On December 22, 2010, Anderson entered the Parking Office to address a parking violation warning he had received for allowing a visitor to park in his stall and for parking his own car in an area that was not designated.
According to all six witnesses present, four from the Parking Office and two from another city agency, Anderson addressed the Parking Office employees in a loud and threatening voice.
Anderson said that since he pays for the assigned stall, he can do what he wants with it including trading stalls with other councilmembers and having guests park there. He stated that the warnings and rule enforcement were "baloney" and that these warnings from the Parking Office need to stop, otherwise he will bring back Bill 62 and "we'll see what happens to your job."
Anderson had introduced Bill 62 in 2009 following several disagreements he had with the Parking Office.
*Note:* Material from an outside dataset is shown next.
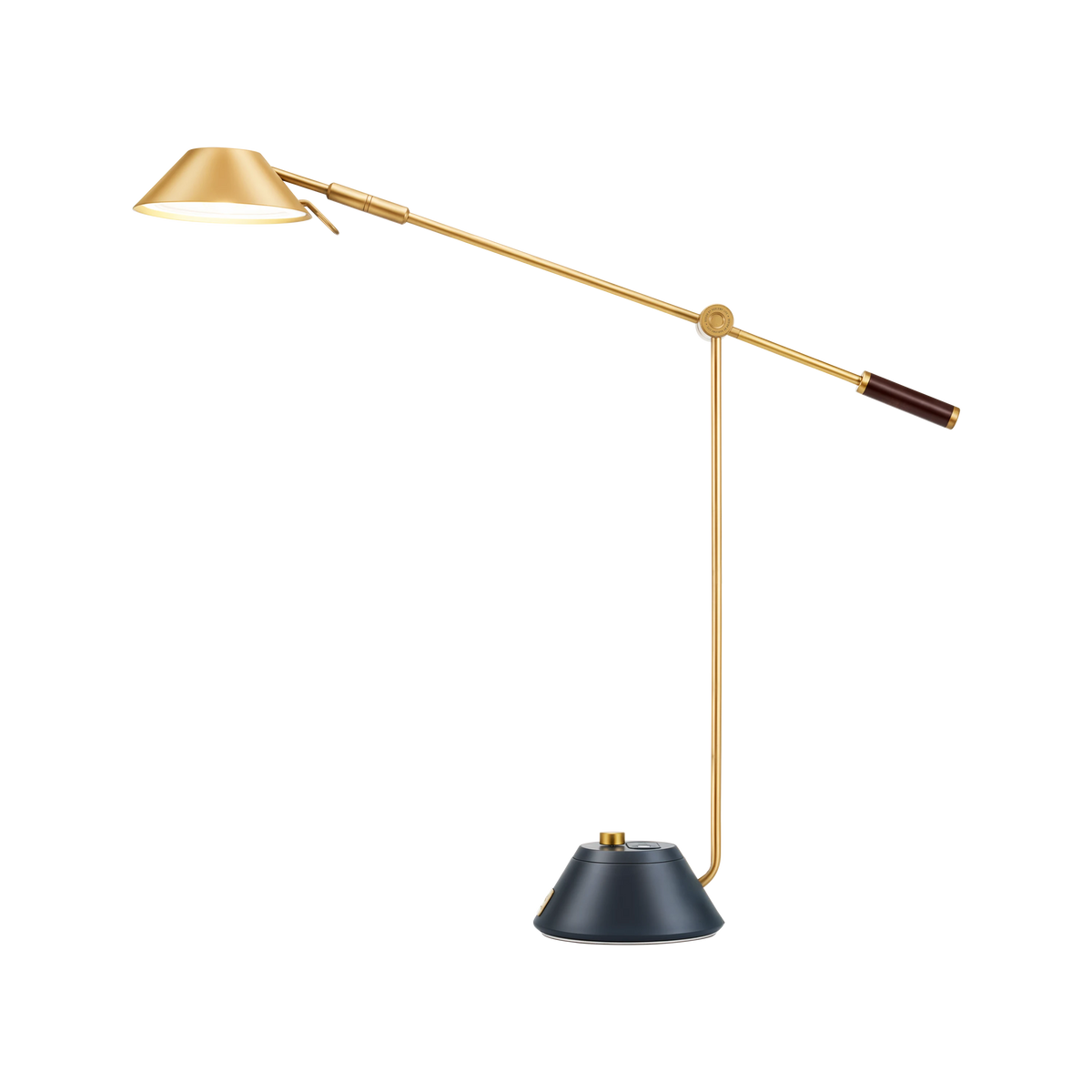 Anchor whole-desk light with its articulated arm extended horizontally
The bill aimed to transfer the Parking Office's oversight to the Council Chair for Council parking.
The commission found that Anderson violated city ethics law that prohibits favoritism or special treatment. The commission said he knew or should have known that he was using the authority of his city position to intimidate the Parking Office personnel with legislation that Office personnel had opposed, and that may affect their jobs.
Based on the totality of the factors, the commission said it believes that publication of the Advisory Opinion identifying Anderson and his misconduct is sufficient in lieu of a civil fine.
"City officials are held to the highest standards of ethical conduct so that the public may have trust and confidence in the integrity of city government," said Commission Executive Director and Legal Counsel Chuck Totto. "Although this may seem like a relatively small matter, it is important for the public and city employees to know that high ranking government officials may not use their position to give themselves or anyone else favored treatment."